Kunang-Kunang Kian Menghilang, Tanda Kesehatan Lingkungan Menurun

Ahli ungkap alasan di balik kunang-kunang disebut sebagai bioindikator vital kesehatan lingkungan.

Diterbitkan 23 Juni 2026, 18:00 WIB
Share
Copy Link
Batalkan

Liputan6.com, Jakarta - Kunang-kunang mengalami penurunan populasi secara global. Riset yang diterbitkan Science of The Total Environment mengonfirmasi bahwa populasi kunang-kunang benar-benar menurun.

“Menghilangnya kunang-kunang adalah indikasi menurunnya kesehatan lingkungan. Ini secara ilmiah sangat kuat karena kunang-kunang secara ekologis berfungsi sebagai bioindikator vital kesehatan lingkungan,” kata ahli kesehatan lingkungan, Dicky Budiman, kepada Kesehatan Liputan6.com saat dihubungi Senin (22/6/2026).

Lantas, mengapa kunang-kunang bisa menjadi bioindikator kesehatan lingkungan?

“Karena siklus hidupnya multihabitat yang sangat kompleks. Kondisi ini membuat hewan ini sangat sensitif terhadap semua parameter kualitas lingkungan secara umum.”

Pada tahap larva, kunang-kunang hidup di tanah dalam waktu satu hingga dua tahun. Setelah itu, larva masuk ke fase pupa atau kepompong dengan habitat di tanah atau lumut lembap selama tiga sampai empat minggu. Pada tahap dewasa, kunang-kunang hidup di vegetasi tepian air.

“Ancaman yang terdeteksi pada level larva adalah pestisida, kekeringan, perubahan iklim. Kalau pada pupa ya kompresi tanah dan urbanisasi,” ujar Dicky.

Kehilangan habitat, polusi, dan penggunaan insektisida menjadi alasan mengapa kunang-kunang tak dapat bertahan dari fase ke fase. Pola iklim dan cuaca disinyalir kuat memberi ancaman paling besar karena larva kunang-kunang sangat bergantung pada kelembapan tanah untuk bertahan hidup.

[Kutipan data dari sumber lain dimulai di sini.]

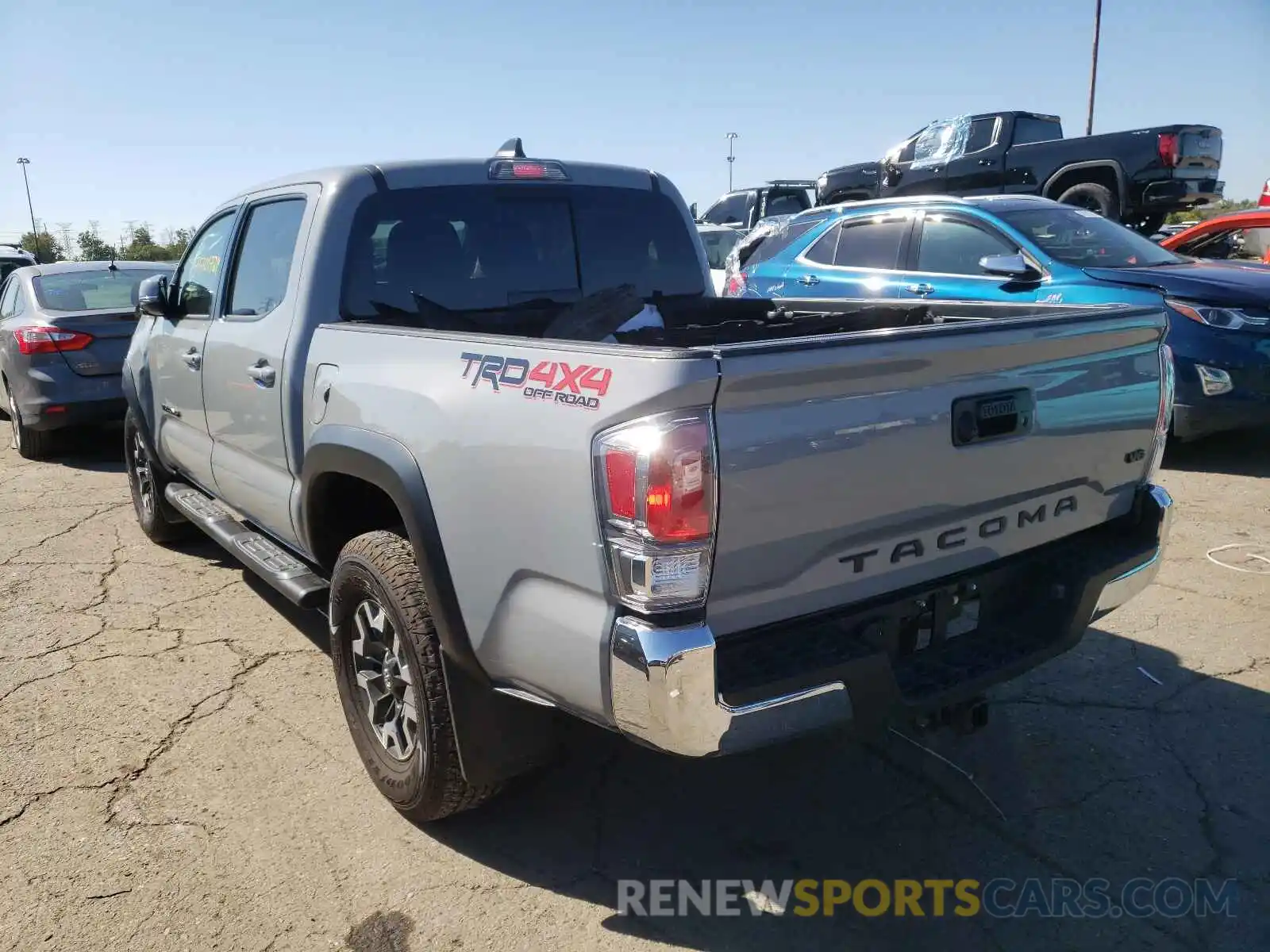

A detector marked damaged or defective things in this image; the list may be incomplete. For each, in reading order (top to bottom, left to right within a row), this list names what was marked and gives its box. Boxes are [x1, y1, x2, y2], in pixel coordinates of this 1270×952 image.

“Urbanisasi, perluasan pertanian dan deforestasi juga secara langsung menghancurkan habitat basah, hutan, dan rawa yang esensial bagi siklus hidup kunang-kunang.”

Dari perspektif One Health (kesehatan manusia, hewan, dan lingkungan), hilangnya kunang-kunang adalah sinyal cascade ecological.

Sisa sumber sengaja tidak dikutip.